Given all of this, it’s not entirely surprising that parents have been clamoring for decades for other options, whether that might be sending their children to a private or parochial school, or lobbying their local politicians for things like vouchers and charter schools, or even making the commitment to home school their children. Parents can see when their children are being cheated out of a good education, and they want alternatives. The real benefit of alternatives, though, is that they have the potential of actually making public schools better by forcing them to compete or students, and dollars, with other educational alternatives.

Or, at least that’s how it’s supposed to work.  As Mead points out, the way that many school systems seem to be reacting to this recent drop-off in enrollment makes no sense whatsoever:

[T]he bureaucracies want to respond by cutting services rather than administrative bloat and high overhead.Via Meadia suggestion: Try reinventing management as a way of saving money before cutting services. Don’t cut foreign language teachers and art class; cut cumbersome work rules, sweetheart purchase agreements, and thin out the layers of patronage appointees who divert resources away from teaching into paper pushing.

That’s a lot to ask of bueraucrats, politicians, and people wedded to the fading image of what public education used to be. However, it’s the proper response to a changing environment and I suspect that those systems that respond properly will succeed while the ones that ignore it will continue to fail and continue to face increased pressure from parents for the right to be able to send their children to institutions that will actually give them the education they’re entitled to.

FILED UNDER: Education, Environment, US Politics, , , , , , , , , , , , , , ,
Doug Mataconis
About Doug Mataconis
Doug Mataconis held a B.A. in Political Science from Rutgers University and J.D. from George Mason University School of Law. He joined the staff of OTB in May 2010 and contributed a staggering 16,483 posts before his retirement in January 2020. He passed far too young in July 2021.

Comments

  1. As you quote, the paragraphs before “but some say the schools are partly to blame” were:

    While large districts lost students in the 1970s as middle class families left big cities for the suburbs, districts are losing students now for a variety of reasons. The economy and home foreclosure crisis drove some families from one school system into another. Hundreds of children from immigrant families have left districts in Arizona and California as their parents have lost jobs. Legal crackdowns have also prompted many families to return to their home countries.

    In some cases, the collapse of housing prices has led homeowners to stay put, making it difficult for new families — and new prospective students — to move in and take their place.
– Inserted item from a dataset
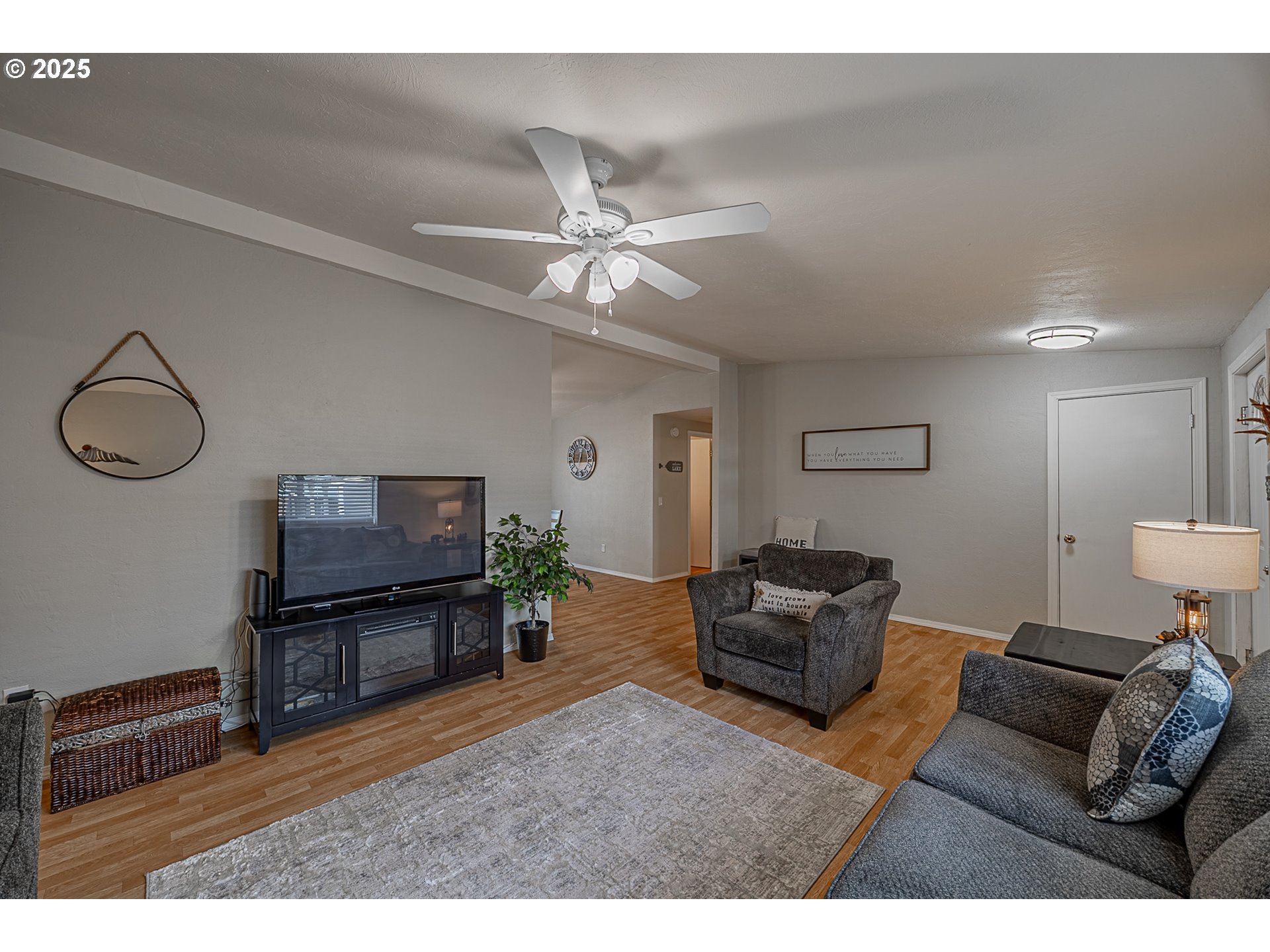 150 North 11th Street Lakeside, OR 97449 - Photo 12 of 37 a living room with furniture and a flat screen tv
    Those do seem like fairly straightforward causes.

    And for policy discussions I think I’d prefer wider state-wide, regional, or even national trends.

  2. Tsar Nicholas says:

    Enrollment Drops In Nation’s Largest School Districts, Educators Still Wedded To The Past

    I love that headline. What’s amazing about it, and terribly ironic, is that you can juxtapose the same concept to all sorts of left-wing fantasies, absurdities and failures.

    To wit:

    Readership and Viewership of Mass Media Outlets Continues to Plummet, Reporters and Editors Become More Shrill and Partisan

    Gun Violence Surges in Big Liberal Cities with Strict Gun Control Ordinances, Liberals Want More Gun Control

    ‘Affirmative Action’ Leads to Lower Graduation Rates Among Racial Minorities, Liberals Want Additional Race Preferences

    Rents in Cities with Rent Control Ordinances Continue to Skyrocket, Liberals Want More Rent Control

    Crime Rates Continue to Drop as Prison Populations Continue to Increase, Liberals Can’t Make the Connection

    Higher Minimum Wages Lead Directly to Less Employment Particularly Among Young Racial Minorities, Liberals Continue to Push for Higher Minimum Wages

    So on, so forth.

    In any event, regarding public education, the reality is that when a cesspool is allowed to fester it just makes it that much more difficult to clean up. We’d need radical reforms to fix public education.

    First and foremost we need comprehensive voucher programs in all 50 states. We also need to strip public sector teachers of all collective bargaining rights. The NLRA should be rewritten to exempt public sector teachers, and state unionization laws should be preempted in connection with public sector teachers. The public teachers’ unions should be disbanded. Failing that we need right to work laws in all 50 states. Separately we need defined contribution plans, not defined benefit plans, for public sector teachers’ pension programs. We need mandatory retirement laws for public sector teachers. We need at will employment and merit-based compensation for public sector teachers in all 50 states.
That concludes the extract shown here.